Les risques d'attaques par déni de service sont très élevés
dans le cas où on utilise des datagrammes. Un méchant peut envoyer
des demandes de connexion répétées, pour forcer le serveur à faire
des calculs cryptographiques et surtout à allouer de la mémoire pour
les connexions en attente. Pire, il peut utiliser un serveur DTLS
pour des attaques par réflexion où le méchant ment sur son adresse
IP pour que le serveur dirige ses réponses vers une victime
innocente. Les attaques par réflexion sont encore pires lorsqu'elles
sont combinées à une amplification, quand la réponse est plus grosse
que la question.
Pour éviter ces attaques, DTLS reprend, comme vu plus haut, le
principe des cookies sans état de
Photuris (RFC 2522) et IKE (RFC 7296).
L'extension connection_id
(cf. RFC 9146) peut être mise
dans le ClientHello
. Notez qu'une nouveauté par
rapport au RFC 9146 est la possibilité de
changer les identifiants de connexion pendant une association.

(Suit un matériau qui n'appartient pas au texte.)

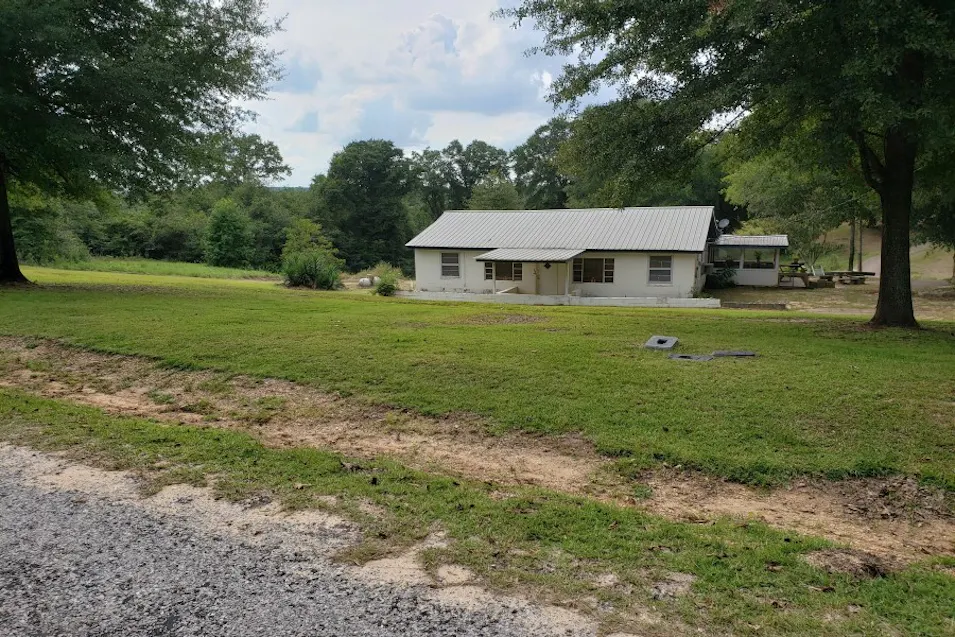 3396 Scr 79 Mize, MS 39116, Smith County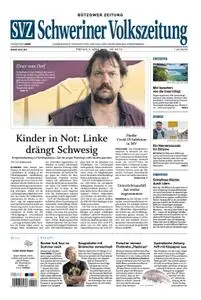 Schweriner Volkszeitung Bützower Zeitung - 06. März 2020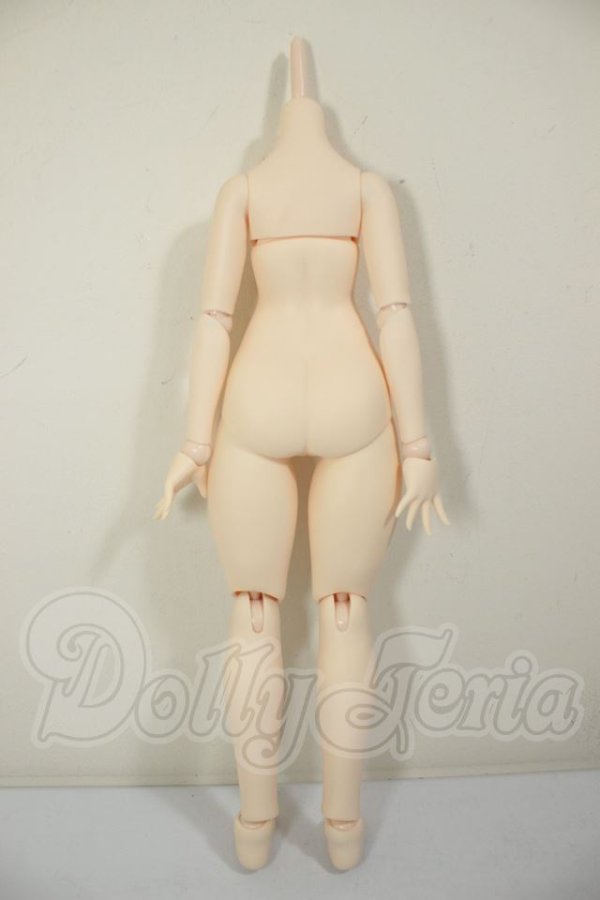 画像2: imomodoll/40ｃｍボディ A-26-06-22-302-NY-ZA (2)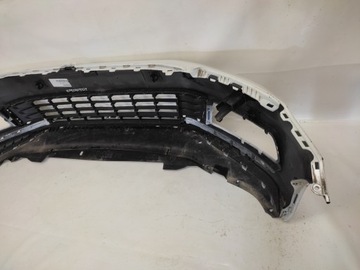 фото thumb №13, Vw touran ii 5ta бампер переднее перед 4pdc 2015-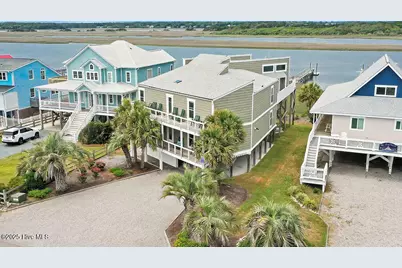6008 W Beach Drive, Oak Island, NC 28465 - Photo 131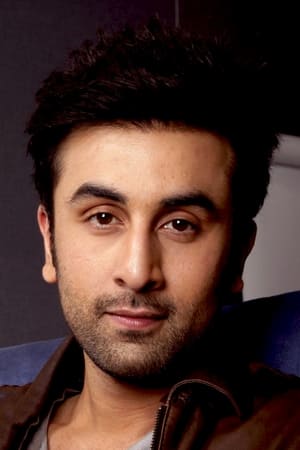 Ranbir Kapoor profil kép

En section 7, une nouveauté de DTLS 1.3, et qui n'a pas
d'équivalent dans TLS, les accusés de réception
(ACK
), nécessaires puisqu'on fonctionne
au-dessus d'un service de datagrammes, qui ne garantit pas l'arrivée
de tous les paquets. Un ACK
permet d'indiquer
les numéros de séquence qu'on a vu. Typiquement, on envoie des
ACK
quand on a l'impression que le partenaire
est trop silencieux (ce qui peut vouloir dire que ses messages se
sont perdus). Ces accusés de réception sont facultatifs, on peut
décider que la réception des messages (par exemple un
ServerHello
quand on a envoyé un
ClientHello
) vaut accusé de réception. Ils
servent surtout à exprimer son impatience « allô ? tu ne dis
rien ? »
Dans sa section 11, notre RFC résume les points importants,
question sécurité (en plus de celles communes à TLS et DTLS, qui
sont traitées dans le RFC 8446). Le principal
risque, qui n'a pas vraiment d'équivalent dans TLS, est celui de
déni de service via une consommation de ressources déclenchée par un
partenaire malveillant. Les cookies à la
connexion ne sont pas obligatoires mais fortement recommandés. Pour
être vraiment sûrs, ces cookies doivent dépendre
de l'adresse IP du partenaire, et d'une information secrète pour
empêcher un tiers de les générer.
À noter d'autre part que, si DTLS garantit plusieurs propriétés
de sécurité identiques à celle de TLS
(confidentialité et
authentification du serveur), il ne garantit
pas l'ordre d'arrivée des messages (normal, on fait du datagramme…)
et ne protège pas parfaitement contre le
rejeu (sections 3.4
et 4.5.1 du RFC si vous voulez le faire).
Les sections 12 et 13 résument les principaux changements depuis
DTLS 1.2 (seulement les principaux car DTLS 1.3 est très différent
de 1.2) :
- n'accepte désormais que du chiffrement
intègre,
- le mécanisme de reprise de session est différent, et la
terminologie a changé (on parle désormais de PSK,
Pre-Shared Key pour désigner les données
stockées chez le client),
- la négociation de version a changé, pour tenir compte des
nombreuses middleboxes
boguées,
- les numéros de séquence sont chiffrées (sans cela, corréler
deux échanges utilisant des adresses IP différentes serait
trivial). En fait, c'est plus compliqué que cela, il y a le numéro
de séquence complet dans la partie chiffrée, et un numéro réduit à
ses derniers bits en clair.
Si jamais vous vous lancez dans la programmation d'une
bibliothèque DTLS, lisez l'annexe C, qui vous avertit sur quelques
pièges typiques de DTLS.
En octobre 2021, il n'y avait pas encore de DTLS 1.3 dans
GnuTLS (ticket en cours),
BoringSSL ou dans
OpenSSL (ticket en cours).
Merci à Manuel Pégourié-Gonnard pour sa relecture attentive.